Avec quelques années de moins Eugène, nous aurions peut-être été côte-à-côte dans l’avion vendredi matin pour Reykjavík pour aller commenter l’équipe de France. Tu aurais pesté, toi le Marseillais, de devoir cette affronter cette froidure qui envahit le monde au nord d’Aix-en-Provence. Mais sur le but de Giroud, tu aurais été le premier à te lever en tribune, tu aurais retrouvé ton regard, tu aurais retrouver instantanément ta 'pétillance'. Et même après le match, devant une assiette de poissons fumés et un verre d’aquavit, tu aurais avec cette curiosité de journaliste chevillée au corps su apprécier avec gourmandise ces étranges coutumes d’ailleurs.

Oui, elle est à toi Eugène, cette chronique…

Toi, le journaliste, qui offris à notre radio un scoop mondial lorsque le 5 septembre 1972, derrière le grillage de l’aéroport de Fürsten Feld Bruck, suivant ton instinct et tes infos, tu seras le seul à décrire le massacre des athlètes israéliens par un commando de terroristes palestiniens quand tes confrères de la planète entière planquaient en vain autour de l’autre aéroport de Munich.

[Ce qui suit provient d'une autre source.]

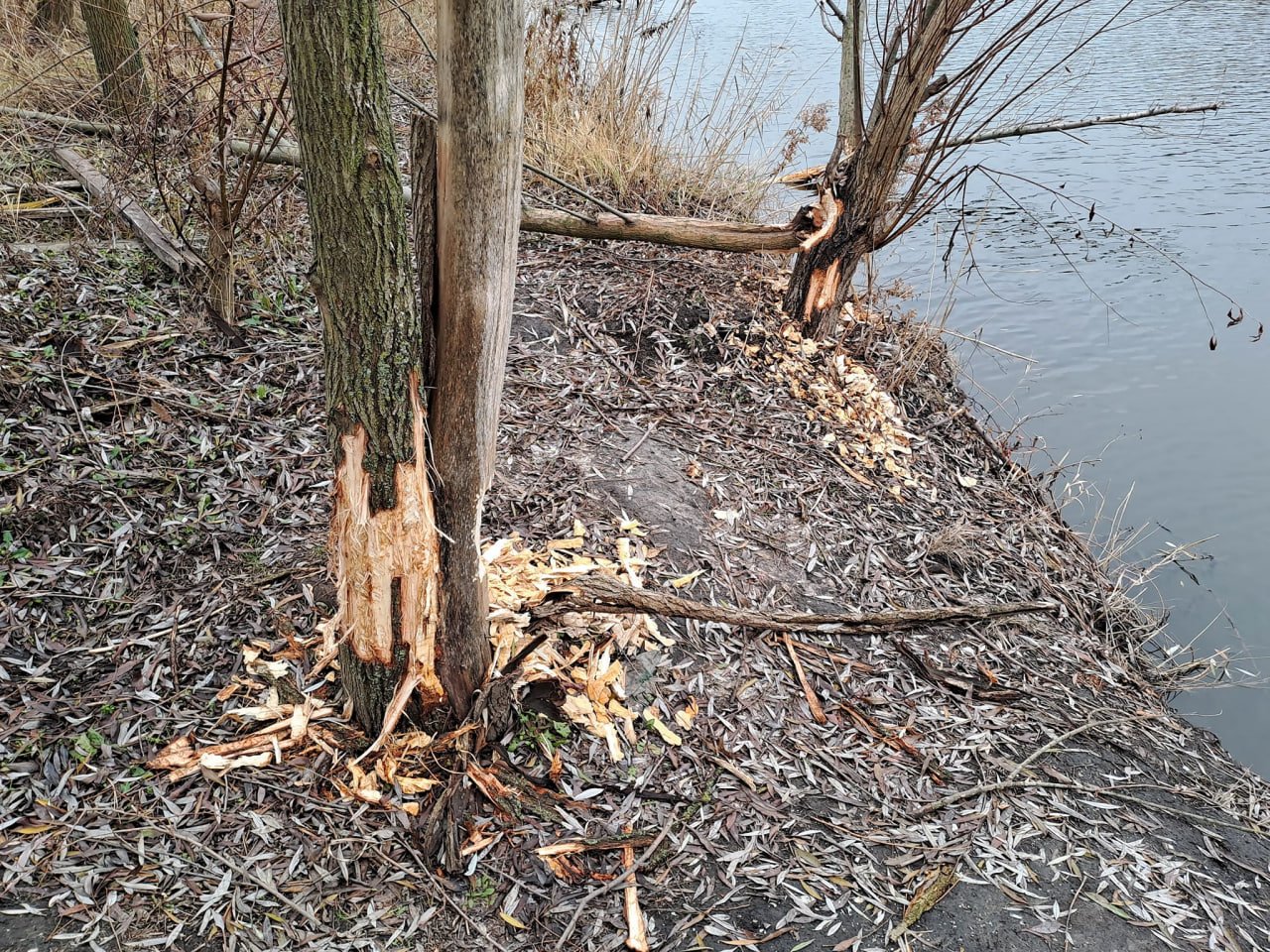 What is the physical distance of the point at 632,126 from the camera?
5.58 meters

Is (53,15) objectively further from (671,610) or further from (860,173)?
(671,610)

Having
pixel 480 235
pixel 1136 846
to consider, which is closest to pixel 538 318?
pixel 480 235

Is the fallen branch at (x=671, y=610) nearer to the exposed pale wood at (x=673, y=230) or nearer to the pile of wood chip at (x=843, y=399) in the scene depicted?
the pile of wood chip at (x=843, y=399)

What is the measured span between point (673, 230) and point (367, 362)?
266cm

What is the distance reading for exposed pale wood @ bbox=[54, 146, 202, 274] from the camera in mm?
3695

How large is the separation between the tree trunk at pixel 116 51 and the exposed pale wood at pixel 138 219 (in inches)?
13.3

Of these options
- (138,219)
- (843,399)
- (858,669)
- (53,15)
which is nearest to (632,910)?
(858,669)

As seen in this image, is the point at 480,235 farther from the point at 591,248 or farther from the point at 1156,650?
the point at 1156,650

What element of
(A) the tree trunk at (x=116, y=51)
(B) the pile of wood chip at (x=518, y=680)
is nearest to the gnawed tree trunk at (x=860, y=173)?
(B) the pile of wood chip at (x=518, y=680)

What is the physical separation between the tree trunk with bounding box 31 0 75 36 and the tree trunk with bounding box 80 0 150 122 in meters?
2.09

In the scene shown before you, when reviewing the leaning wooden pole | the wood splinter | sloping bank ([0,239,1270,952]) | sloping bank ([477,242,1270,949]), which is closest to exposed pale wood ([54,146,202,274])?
sloping bank ([0,239,1270,952])

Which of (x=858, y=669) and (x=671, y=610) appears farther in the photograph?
(x=858, y=669)

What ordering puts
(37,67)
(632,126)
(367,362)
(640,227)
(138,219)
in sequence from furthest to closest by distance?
(632,126) < (37,67) < (640,227) < (138,219) < (367,362)

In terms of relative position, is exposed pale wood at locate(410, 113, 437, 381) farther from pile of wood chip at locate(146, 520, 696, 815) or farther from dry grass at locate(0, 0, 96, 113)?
dry grass at locate(0, 0, 96, 113) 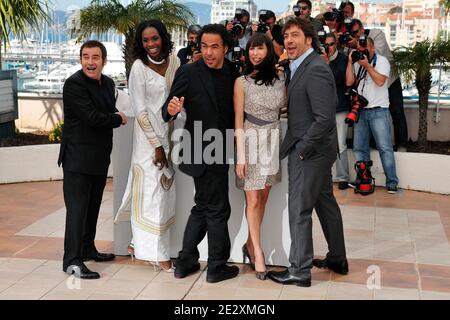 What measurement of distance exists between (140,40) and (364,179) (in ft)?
12.1

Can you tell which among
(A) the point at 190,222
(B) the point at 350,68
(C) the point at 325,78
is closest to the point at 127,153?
(A) the point at 190,222

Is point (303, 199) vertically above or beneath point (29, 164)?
above

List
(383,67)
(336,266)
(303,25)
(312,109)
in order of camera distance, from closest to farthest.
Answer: (312,109), (303,25), (336,266), (383,67)

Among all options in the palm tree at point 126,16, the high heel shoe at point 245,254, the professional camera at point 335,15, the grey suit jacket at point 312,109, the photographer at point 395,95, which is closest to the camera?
the grey suit jacket at point 312,109

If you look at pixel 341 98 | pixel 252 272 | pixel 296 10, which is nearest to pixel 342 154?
pixel 341 98

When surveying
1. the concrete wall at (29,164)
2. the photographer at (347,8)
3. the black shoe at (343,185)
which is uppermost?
the photographer at (347,8)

Même le directeur de la rédaction de l’époque, Jean Gorini, n’en croyait pas ces oreilles dans son Autobianchi Abarth tellement c’était énorme. Il voulut t’interrompre...Tu poursuivis. Le lendemain, devant toute la rédaction, il te rendra hommage avec cette phrase : "Sacco avait raison, les reporters sur le terrain ont TOUJOURS raison". Cette leçon saccomanienne, bien des directeurs d’info devrait aujourd’hui s’en inspirer… 47 ans après.

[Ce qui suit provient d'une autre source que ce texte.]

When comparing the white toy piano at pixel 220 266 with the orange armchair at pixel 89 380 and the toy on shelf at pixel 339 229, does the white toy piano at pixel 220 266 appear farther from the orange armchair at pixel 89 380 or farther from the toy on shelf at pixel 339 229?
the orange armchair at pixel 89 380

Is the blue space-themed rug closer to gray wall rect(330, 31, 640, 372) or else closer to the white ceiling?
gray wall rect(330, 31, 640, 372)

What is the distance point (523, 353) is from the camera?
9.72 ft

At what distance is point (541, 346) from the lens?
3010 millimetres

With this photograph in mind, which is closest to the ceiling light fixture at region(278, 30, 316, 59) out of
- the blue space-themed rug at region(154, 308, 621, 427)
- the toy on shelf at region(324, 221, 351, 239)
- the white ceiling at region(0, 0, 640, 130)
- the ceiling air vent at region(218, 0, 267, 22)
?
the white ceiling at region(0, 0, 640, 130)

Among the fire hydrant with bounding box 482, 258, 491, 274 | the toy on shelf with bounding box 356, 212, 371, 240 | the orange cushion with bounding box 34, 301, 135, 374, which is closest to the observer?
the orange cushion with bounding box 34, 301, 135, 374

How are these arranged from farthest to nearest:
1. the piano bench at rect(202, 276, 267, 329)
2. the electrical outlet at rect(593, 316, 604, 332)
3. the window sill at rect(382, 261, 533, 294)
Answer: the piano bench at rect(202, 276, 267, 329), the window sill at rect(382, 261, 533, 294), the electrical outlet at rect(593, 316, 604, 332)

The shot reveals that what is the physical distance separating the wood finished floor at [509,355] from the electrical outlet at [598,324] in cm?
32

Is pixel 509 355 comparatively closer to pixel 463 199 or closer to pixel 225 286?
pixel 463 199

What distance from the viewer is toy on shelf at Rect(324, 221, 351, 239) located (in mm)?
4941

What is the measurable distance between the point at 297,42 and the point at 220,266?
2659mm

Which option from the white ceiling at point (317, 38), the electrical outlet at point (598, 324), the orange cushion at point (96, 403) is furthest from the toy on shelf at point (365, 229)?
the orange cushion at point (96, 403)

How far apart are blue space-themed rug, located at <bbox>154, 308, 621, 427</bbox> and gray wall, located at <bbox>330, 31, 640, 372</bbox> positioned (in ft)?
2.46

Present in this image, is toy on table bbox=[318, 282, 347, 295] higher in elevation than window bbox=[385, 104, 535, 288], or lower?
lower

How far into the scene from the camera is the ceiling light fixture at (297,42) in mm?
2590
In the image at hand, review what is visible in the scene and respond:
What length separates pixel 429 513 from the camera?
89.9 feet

Oui, elle est à toi, Sacco, cette chronique, toi qui m’appris sans façon qu’on pouvait aimer d’un même amour les livres et le foot, le cinéma et le ballon.

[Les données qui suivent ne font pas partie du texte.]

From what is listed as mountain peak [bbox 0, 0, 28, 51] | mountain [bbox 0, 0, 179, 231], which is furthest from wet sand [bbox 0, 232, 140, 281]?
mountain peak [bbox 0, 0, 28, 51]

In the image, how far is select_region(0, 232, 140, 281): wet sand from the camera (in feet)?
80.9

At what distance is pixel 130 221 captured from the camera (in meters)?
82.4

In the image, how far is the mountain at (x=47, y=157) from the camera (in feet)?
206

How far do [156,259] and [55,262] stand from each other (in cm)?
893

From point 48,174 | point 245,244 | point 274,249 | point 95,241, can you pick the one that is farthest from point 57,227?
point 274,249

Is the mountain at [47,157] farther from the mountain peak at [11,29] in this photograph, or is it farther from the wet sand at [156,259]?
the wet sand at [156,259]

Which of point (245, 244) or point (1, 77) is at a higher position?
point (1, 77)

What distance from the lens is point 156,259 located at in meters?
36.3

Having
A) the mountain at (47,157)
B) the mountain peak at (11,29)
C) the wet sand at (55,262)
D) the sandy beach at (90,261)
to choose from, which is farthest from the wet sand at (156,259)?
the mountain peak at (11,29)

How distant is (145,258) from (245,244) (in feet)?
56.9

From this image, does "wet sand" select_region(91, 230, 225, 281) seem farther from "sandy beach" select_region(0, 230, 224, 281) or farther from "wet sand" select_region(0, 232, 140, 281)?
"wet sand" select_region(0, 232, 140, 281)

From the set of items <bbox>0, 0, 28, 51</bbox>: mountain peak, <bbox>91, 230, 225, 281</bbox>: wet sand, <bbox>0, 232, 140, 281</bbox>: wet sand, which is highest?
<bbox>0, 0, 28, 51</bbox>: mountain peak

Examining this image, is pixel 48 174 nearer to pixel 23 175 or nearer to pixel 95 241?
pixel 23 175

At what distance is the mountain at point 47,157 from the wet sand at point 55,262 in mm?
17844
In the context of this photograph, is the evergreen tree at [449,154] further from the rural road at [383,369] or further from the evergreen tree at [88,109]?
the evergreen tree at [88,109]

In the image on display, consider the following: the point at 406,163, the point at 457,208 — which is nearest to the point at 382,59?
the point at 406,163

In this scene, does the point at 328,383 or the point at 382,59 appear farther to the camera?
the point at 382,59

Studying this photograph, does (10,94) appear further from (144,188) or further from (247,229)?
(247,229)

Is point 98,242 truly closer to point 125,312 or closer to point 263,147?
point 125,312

Dans l’avion retour d’Islande, nous aurions évidemment évoquer le 4-3-2-1 de Deschamps mais si rapidement… Nul doute que nous aurions bien vite dérivé vers Pierre Loti, cet amour de la littérature et des mots que nous partagions, toi avec qui il était si bon dans le sillage de Céline de refaire aussi un autre match, un autre voyage, celui au bout de la nuit.

Et toi, toujours à l’écoute, tu aurais aimé m’entendre parler des derniers livres qui m’ont transporté, ceux d'Olivier Adam ou de Sorj Chalandon, le journaliste devenu écrivain comme toi.

En atterrissant à Paris nous serions peut-être allés partager un verre de Brunello de Montalcini devant un plat de spaghettis alla vongole, histoire de faire passer le poisson fumé et l’aquavit.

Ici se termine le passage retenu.